American Psychologist, Adam Grant, discuss in his book Originals: How Non-Conformists Move the World that “originals”: thinkers are the ones who dream up new ideas and take action to put them into the world. He believes that “The greatest originals are the ones who fail the most, because they’re the ones who try the most, and therefore you need a lot of bad ideas to get a few good ones.” But does it mean that to be ‘Original’, you’re now hiring a ‘Life Coach’ who will teach you ‘Creativity’? You can’t teach someone creativity or be unique. No one can sit down and say, ‘Okay, I’ll be visionary, innovative, and original from now onwards. Although anyone can sit down and say, ‘Now I’ll do something unusual and daring.’ Can these people coin themselves as originals?
Gina Barreca, PhD, an author and BOT at UConn, believes that originality turns out to be essential in all fields, not only ones regarded as artistic. What we need to do is recognize and cultivate, not seize, and subjugate creativity. We can’t capture it. But we can admire it and feed it. Therefore, the role of teachers and parents become more important to encourage the kids to think original by taking risks and embrace their curiosity. In one of the TED videos, Grant talks about parents should create spaces and cultures of originality to breed new ideas in their kids. One of the biggest mistakes that many parents make is they spend all their time enforcing rules, and they are guilty of this. But the sad thing about rules is that they don’t teach kids to think for themselves. Kids will eventually try to figure out how they can avoid taking risks altogether or take risks to avoid punishment.
What can be done for the kids to think Original?
Grants believe that if parents follow these practices, they can lead adolescents to think out of the box.
- Let your kids procrastinate. Let them decide when to think and when to procrastinate.
- Let them feel fear, only then they can face the realities and change them later.
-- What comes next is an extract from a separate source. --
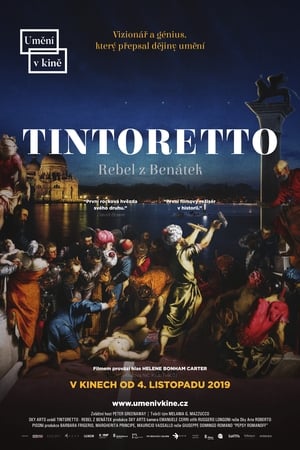 Tintoretto – Rebel z Benátek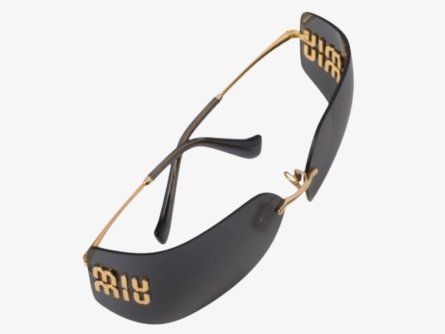 Óculos de Sol Miu Miu MU54YS 5AK-5S0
- Let them experience their bad ideas. Let them try and learn from them.
- Let them speak of their mind first before feeding your own thoughts in their minds.
- Let them do their own chores, and it doesn’t mean you offer them rewards in return. Tell them that’s how humans connect with their core values. Now figure out what core value you connect by doing your own chores by yourself.
- Let them know the ‘Bigger Picture’ of completing any work. The big picture of doing your own chores is not having a neat and clean house. Instead, the big picture is how to respect people and non-living things because they belong to us.
It is a great way to nurture original thinking in kids by taking responsibility for their own actions. Being original or having original thought is not that something cannot be seen or experienced before. It simply means that this has actually been seen before but was never imagined in that outfit.